Couldn’t wait to see TOWER HEIST. How much you like it will depend on how much you can’t wait to see Eddie Murphy back on the big screen, and how much disbelief you are willing to suspend. My suspenders snapped. Eddie almost saved me.

TOWER HEIST is built on a premise ripe for the times. Ben Stiller plays the general manager of the fanciest shmanciest condo complex in New York City. It seems he and his fellow employees– from the doorman to the chief exec– have all been cheated out of their life savings by the billionaire living in the penthouse, a Wall Street swindler played by the nastiest Alan Alda ever seen on celluloid. Clever casting, because who’d a thunk such a nice guy…well you get the picture. He’s the big cheese, and he gets stinkier by the frame; it looks like he’s going to get away with his crimes– plus a hidden cache of money, and a sneer.

So what are these hardworking stiffs  to do? Why, stage a robbery-Robin Hood style, of course.  Though a bit far-fetched, I bought it; little did I know there’d be much “farther fetching” to do. Things begin to fall apart as Stiller assembles his clueless crew: Casey Affleck as the well-meaning but idiot concierge; Michael Pena as a hip hop sometime D.J. and maintenance man who messes up and buys ski hats instead of ski masks to cover their faces for the “job”;  Matthew Broderick hilarious as a middle-aged yale grad and numbers geek recently evicted from the building and his job; and finally, petty street criminal played by Eddie Murphy, whom Stiller chooses because he seems to have stolen stuff before. It turns out it was only stuff like satellite dishes. So how’s he supposed to crack open one of the most complex safes on the planet? Enter Gabourey Sidibe as a Jamaican housekeeper— and expert locksmith!

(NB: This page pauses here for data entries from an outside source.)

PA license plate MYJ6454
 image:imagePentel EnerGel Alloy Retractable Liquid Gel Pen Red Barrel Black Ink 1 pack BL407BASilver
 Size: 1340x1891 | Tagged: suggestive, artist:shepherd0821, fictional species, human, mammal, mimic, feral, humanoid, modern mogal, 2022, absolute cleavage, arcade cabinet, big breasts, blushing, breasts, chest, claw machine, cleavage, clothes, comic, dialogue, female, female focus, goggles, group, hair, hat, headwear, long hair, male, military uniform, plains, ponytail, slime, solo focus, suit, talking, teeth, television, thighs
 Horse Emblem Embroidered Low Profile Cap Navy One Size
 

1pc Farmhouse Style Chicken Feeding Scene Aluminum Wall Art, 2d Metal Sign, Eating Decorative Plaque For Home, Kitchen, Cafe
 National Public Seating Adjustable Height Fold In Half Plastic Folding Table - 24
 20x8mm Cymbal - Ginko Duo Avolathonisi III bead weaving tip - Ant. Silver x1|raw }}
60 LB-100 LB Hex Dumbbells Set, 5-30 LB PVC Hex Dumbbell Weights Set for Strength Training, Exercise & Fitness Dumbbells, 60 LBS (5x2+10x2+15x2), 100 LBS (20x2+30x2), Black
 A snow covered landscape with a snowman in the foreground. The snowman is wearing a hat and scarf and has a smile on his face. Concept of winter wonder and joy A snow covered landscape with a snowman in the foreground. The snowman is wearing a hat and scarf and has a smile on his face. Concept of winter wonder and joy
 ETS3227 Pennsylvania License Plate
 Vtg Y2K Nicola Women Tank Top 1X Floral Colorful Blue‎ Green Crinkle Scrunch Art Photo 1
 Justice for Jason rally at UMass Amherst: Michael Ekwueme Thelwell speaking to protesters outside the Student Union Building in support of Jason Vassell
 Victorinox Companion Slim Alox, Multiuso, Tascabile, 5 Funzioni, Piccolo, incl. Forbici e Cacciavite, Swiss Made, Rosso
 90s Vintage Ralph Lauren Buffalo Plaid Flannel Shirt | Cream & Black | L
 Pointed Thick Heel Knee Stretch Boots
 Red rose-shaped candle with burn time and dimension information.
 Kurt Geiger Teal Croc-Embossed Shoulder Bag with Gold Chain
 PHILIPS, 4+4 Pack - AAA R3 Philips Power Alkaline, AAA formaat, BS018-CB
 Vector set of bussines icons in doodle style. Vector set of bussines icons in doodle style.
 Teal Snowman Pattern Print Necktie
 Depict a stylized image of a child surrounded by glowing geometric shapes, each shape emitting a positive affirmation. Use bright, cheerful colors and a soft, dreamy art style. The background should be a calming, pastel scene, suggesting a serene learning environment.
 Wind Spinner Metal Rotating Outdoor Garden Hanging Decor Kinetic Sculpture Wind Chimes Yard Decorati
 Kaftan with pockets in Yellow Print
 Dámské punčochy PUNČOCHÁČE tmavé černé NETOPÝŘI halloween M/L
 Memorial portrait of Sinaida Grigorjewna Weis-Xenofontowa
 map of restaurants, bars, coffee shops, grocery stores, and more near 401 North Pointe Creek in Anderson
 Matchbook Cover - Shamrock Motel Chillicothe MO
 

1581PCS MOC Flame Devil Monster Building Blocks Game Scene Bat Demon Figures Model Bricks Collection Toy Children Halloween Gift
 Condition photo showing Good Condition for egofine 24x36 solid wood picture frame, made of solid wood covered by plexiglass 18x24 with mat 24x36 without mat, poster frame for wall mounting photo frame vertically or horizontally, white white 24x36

Murphy is still funny and charismatic– that familiar toothy grin splitting his face apart so that you just LOVE him. And he seems to have improvised the few bits that work –his rant about remembering Stiller as the asthmatic kid in preschool no one wanted to play with.  And there’s a priceless crack about Bank of America. But the humor that’s supposed to come from his training this group of misfits,  like testing their stamina by making them shoplift (a feeble bit that falls flat) or lining them up on a rooftop with no coats on, and passing out bobby pins so they can practice picking locks– is absurd, not funny. How will bobby pins figure in a plan to crack a high tech safe in a sophisticated ultra secure complex that’s under deep surveillance by the FBI? That’s just lazy writing, obviously designed  give Murphy something funny to do.

The labored plot puts most of the burden on the audience. What unfolds depends heavily on our believing that the FBI can be easily tricked with one phone call; that the building’s security staff is so distracted by girlie magazines and the Macy’s Thanksgiving Day Parade that they leave their posts to see the big Snoopy balloon; and finally, that this team of bungling burglars improvises a stunt so dangerous, it would have required years of secret training by the Flying Wallendas.

By the time it’s all over, we’re left with the loose ends. Murphy character eventually just drops out of the picture. Bits go nowhere–Tea Leoni as an FBI agent has a drunken scene with Stiller that hints at a romantic interlude that never happens.  A resident’s little doggie is introduced at the movie’s frenetic climax, then nothing comes of it. I could go on, but I’m bewildered and tired.

Eddie Murphy has been off the screen in anything significant for a long time. In fact, my teenage daughter only knows him as the voice of DONKEY in SHREK. TOWER HEIST is not likely to change that. Too bad. I miss you Eddie. Steal a good script— and I’m there.